The suspension system 26 may be an active or semi-active suspension system having adjustable ride height and/or dampening rates. In one example, the suspension system includes electromagnetic and magneto-rheological dampeners 41 filled with a fluid whose properties can be controlled by a magnetic field. The suspension system 26 is controlled by the controller 46. Using the enhanced depth map received from the vision system 28, the controller 46 can modify the suspension 26 to improve the ride of the vehicle. For example, the vision system 28 can detect the pothole 54 and the controller 46 can instruct the suspension to adjust accordingly to increase ride quality over the pothole. The suspension system 26 may have an adjustable ride height and each wheel may be individually raised or lowed. The system 26 may include one or more sensor for providing feedback signals to the controller 46.

In another example, the suspension system 26 is an air-suspension system including at least air bellows and a compressor that pumps air into (or out of) the air bellows to adjust the ride height and stiffness of the suspension. The air system is controlled by the controller 46 such that the air suspension may be dynamically modified based on road conditions (e.g. the depth map) and driver inputs.
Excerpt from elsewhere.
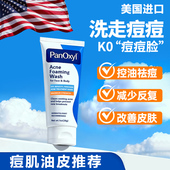 PanOxyl10%过氧化苯甲酰BPO祛痘洗面奶28g控油去痘清洁 临期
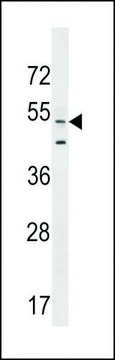 ANTI-AGFG2 (CENTER) antibody produced in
The vehicle also includes ABS 23. Typical anti-lock braking systems sense wheel lockup with a wheel sensor. Data from the wheel sensors are used by the valve-and-pump housing to reduce (or eliminate) hydraulic pressure to the sliding wheel (or wheels) allowing the tire to turn and regain traction with the road. These systems typically do not engage until one or more of the wheels have locked-up and slide on the road. It is advantageous to anticipate a lockup condition prior to lockup actually occurring. The vision system 28 (and particular the ice and water data of the enhanced depth map) can be used to anticipate a sliding condition prior to any of the wheels actually locking up. For example, if the enhanced depth map indicates an ice patch in a path of one or more of the wheels, the ABS 23 can be modified ahead of time to increase braking effectiveness on the ice. The controller 46 (or another vehicle controller) may include algorithms and lookup tables containing strategies for braking on ice, water, snow, and other surface conditions.
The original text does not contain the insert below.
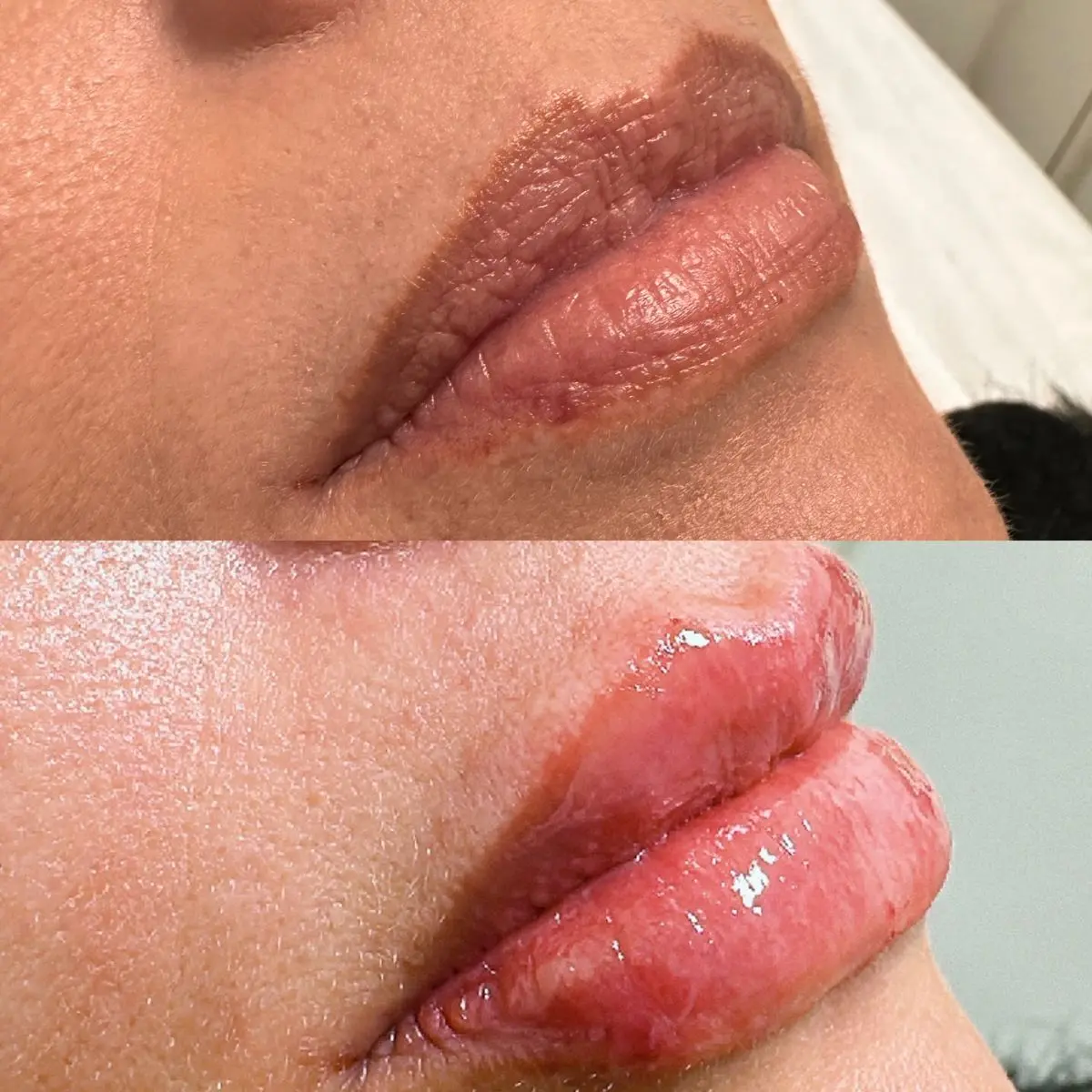 Comparativo de antes e depois da aplicação de ácido hialurônico nos lábios, mostrando ganho de volume sutil e melhora do contorno.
Moreover, if the surface-coefficient of friction (u) is known, the controller can modulate the braking force accordingly to optimize braking performance. For example, the controller can be programmed to provide wheel slip, between the wheels and the road, of approximately 8% during braking to decrease stopping distance. The wheel slip is a function of u, which is a dependent upon the road surface. The controller can be preprogrammed with u values for pavement, dirt, ice, water, snow, and surface roughness (e.g. potholes, broken pavement, loose gravel, ruts, etc.) The enhanced depth map can identify road conditions allowing the controller 46 to select the appropriate u values for calculating the braking force. Thus, the controller 46 may command different braking forces for different road-surface conditions.
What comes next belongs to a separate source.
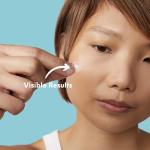 Skin Choice Acne Spot Patches – Clear Breakouts Fast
The vehicle 20 may also include a stability-control system that attempts to the keep the angular momentum of the vehicle below a threshold value. The vehicle 20 may include yaw sensors, torque sensors, steering-angle sensors, and ABS sensors (among others) that provide inputs for the stability-control system. If the vehicle determines that the current angular momentum exceeds the threshold value, the controller 46 intervenes and may modulate braking force and engine torque to prevent loss of control. The threshold value is a function of u and the road surface smoothness. For example, on ice, a lower angular momentum can result in a loss of vehicle control than on dry pavement, which requires a higher angular momentum to result in a loss of vehicle control. Thus, the controller 46 may be preprogrammed with a plurality of different angular-momentum threshold values for different detected road surfaces. The information provided by the enhanced depth map may be used by the controller to choose the appropriate angular-momentum threshold value to apply in certain situations. Thus, if ice is detected, for example, the stability-control system may intervene sooner than if the vehicle is on dry pavement. Similarly, if the depth map detects broken pavement the controller 46 may apply a lower threshold value than for smooth pavement.

FIG. 3 illustrates a flow chart 100 for generating an enhanced depth map. At operation 102 the vision system illuminates a segment of the road with at least one infrared source emitting light at first and second wavelengths corresponding to a water-absorption wavelength and an ice-absorption wavelength respectively. A plenoptic camera monitors the road segment and detects the backscatter of the emitted light at operation 104. At operation 106 the plenoptic camera generates an enhanced depth map. At operation 108 the plenoptic camera outputs the enhanced depth map to one or more vehicle controllers. In some embodiments, the camera system may be programmed to determine if one or more of the lens of the camera are dirty or otherwise obstructed. Dirty or obstructed lens may cause false objects to appear in the images captured by the camera. The camera system may determine that one or more lens are dirty by determining if an object is only detected by one or a few lens. If so, the camera systems flags those lens as dirty and ignores data from those lens. The vehicle may also warn the driver that the camera is dirty or obstructed.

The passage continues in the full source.